JASON REPLIES: SAYING GOLD HAS NOT DONE WELL SINCE THE 1980 TOP, AS A REASON TO NOT BUY IT, IS A RIDICULOUS ARGUMENT.  ARE THEY TRYING TO SAY THAT THEY WOULD ONLY BUY GOLD OR RECOMMEND GOLD IF GOLD OUTPERFORMED EVERYTHING ELSE SINCE ITS PRIOR PEAK?  THEN THEY ARE REALLY SAYING THAT GOLD WILL BE A SCREAMING BUY ONCE IT GETS TO ABOUT $7,000/OZ., THE INFLATION ADJUSTED HIGH.

“Gold is a useless asset to hold long term,” (JASON REPLIES: USELESS UNLESS YOU WANT TO PROTECT YOUR WEALTH, AND GET SOLID RETURNS LIKE 387% SINCE 2001) said Charles Morris, who manages more than $US2 billion at HSBC Global Asset Management’s Absolute Return fund in London. “I’m not a gold bug who believes that you want to own this thing in your portfolio at all times. We should own it when the going is good, and the going right now is great.”

Those who bought gold when it reached a two-decade low of $US251.95 in August 1999 have seen a 387 per cent return, more than four times the 82 per cent gain in Treasuries. An investment in the S&P 500 lost 0.4 per cent through the end of last month. Interest on checking accounts shrank to 0.14 per cent this year from 0.89 per cent in 1999.

Since the S&P 500 peaked in October 2007, investors in the index lost 25 per cent, holders of Treasuries made 16 per cent and gold buyers are up 64 per cent.

“There are people that just stayed in very conservative investments in cash and government bonds,” said Larry Hatheway, global head of asset allocation at UBS in London, who recommends investors hold about 1 per cent of their assets in bullion. “Surely they would have been a lot better off being in gold.”

Buying bullion at $US35 when US President Richard Nixon abandoned the gold standard in 1971 would have given a 35-fold return, about the same performance as the S&P 500.

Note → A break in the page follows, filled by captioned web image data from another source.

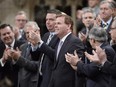 Foreign Minister John Baird receives a standing ovation in the House of Commons in Ottawa on Tuesday, Feb. 3, 2015. Baird announced his resignation. But have we seen the last of Baird as a politician?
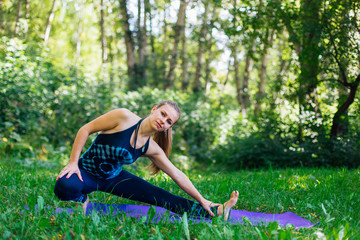 Naklejka na ściany i meble Young woman doing yoga exercises in summer city park.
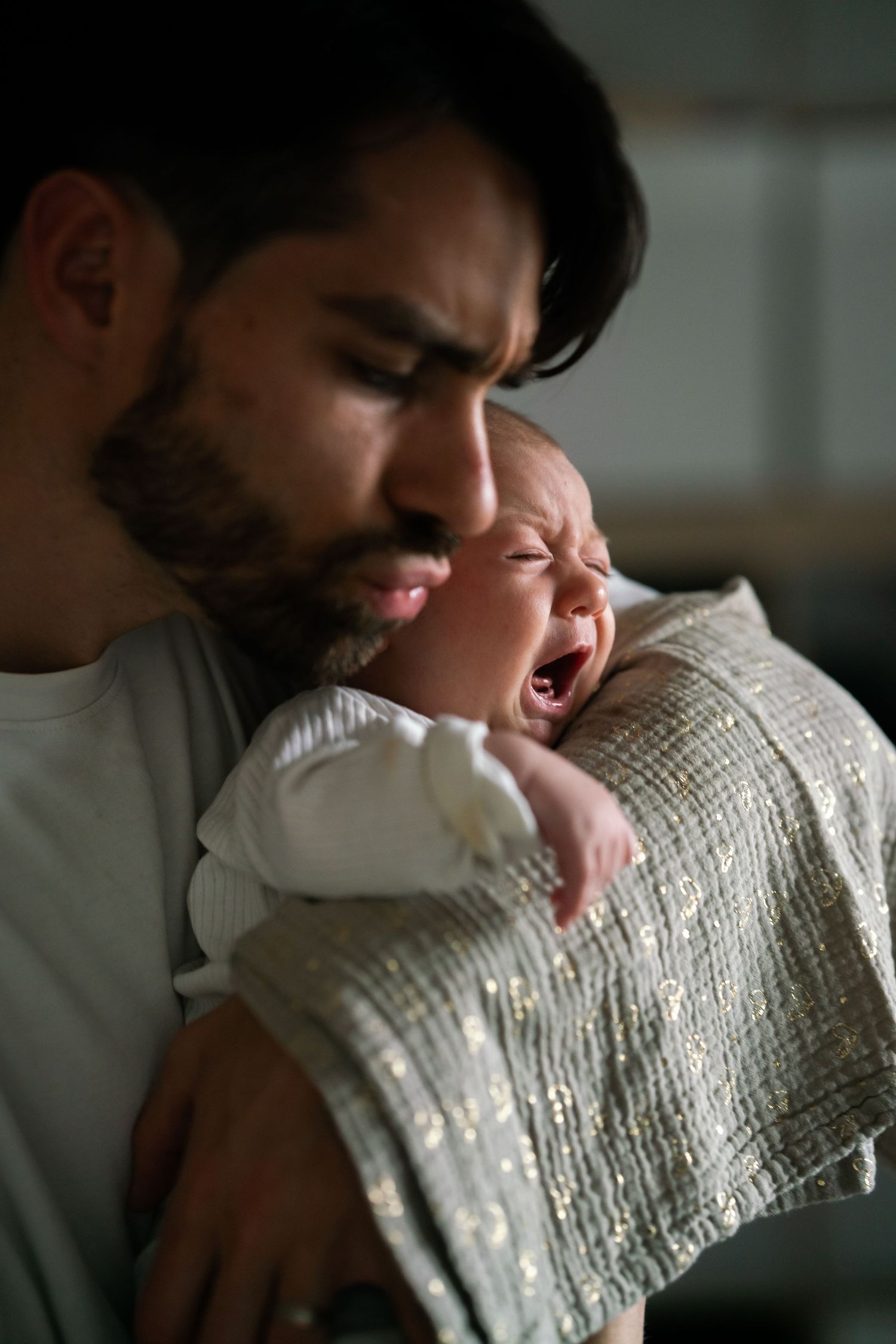 Close-up photograph of a father gently comforting his crying newborn baby in his arms at home.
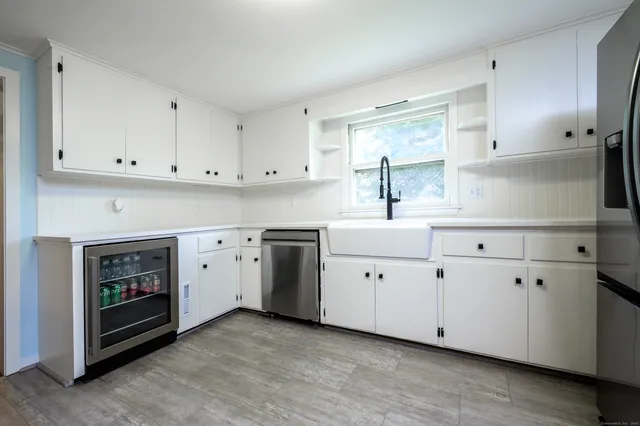 a kitchen with white cabinets and a sink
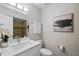 Bathroom featuring a white vanity, framed mirror, and walk-in shower with neutral stone finishes at 841 Wesson Ct, Casselberry, FL 32707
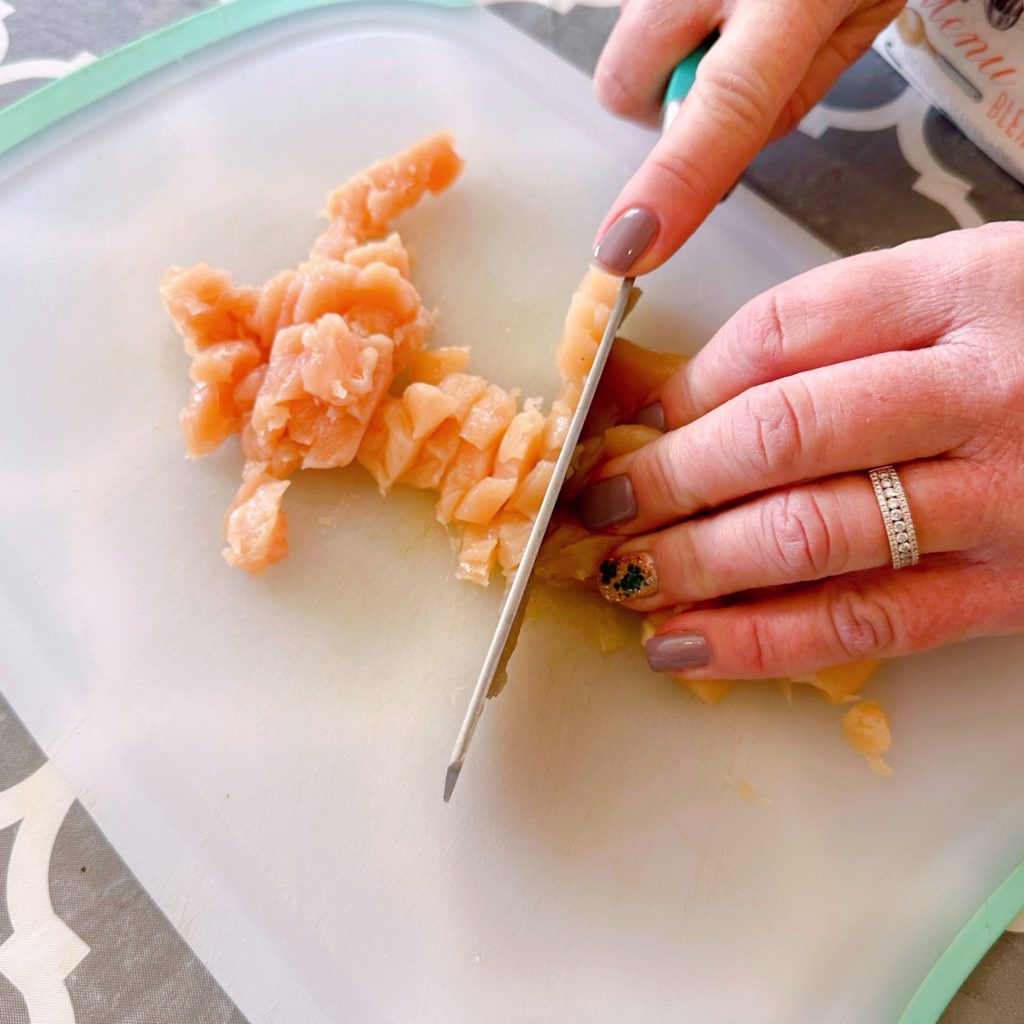 Cutting chicken tenders on a cutting board with a large knife.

Gold will average $US1070 next year, according to the median in a Bloomberg survey of 19 analysts. The metal may jump to $US2000 in the next five years, said HSBC’s Morris. Ian Henderson, manager of $US5 billion at JPMorgan Chase, said he’s adding to his gold-related holdings because of “the momentum behind it.” Jim Rogers, the investor who predicted the start of the commodities rally in 1999, has said bullion will surge to at least $US2000 over the next decade.

“Our sense is that this bubble is more at the beginning stages than on the brink of collapse,” said Thomas Wilson, head of the institutional and private client group at Brinker Capital.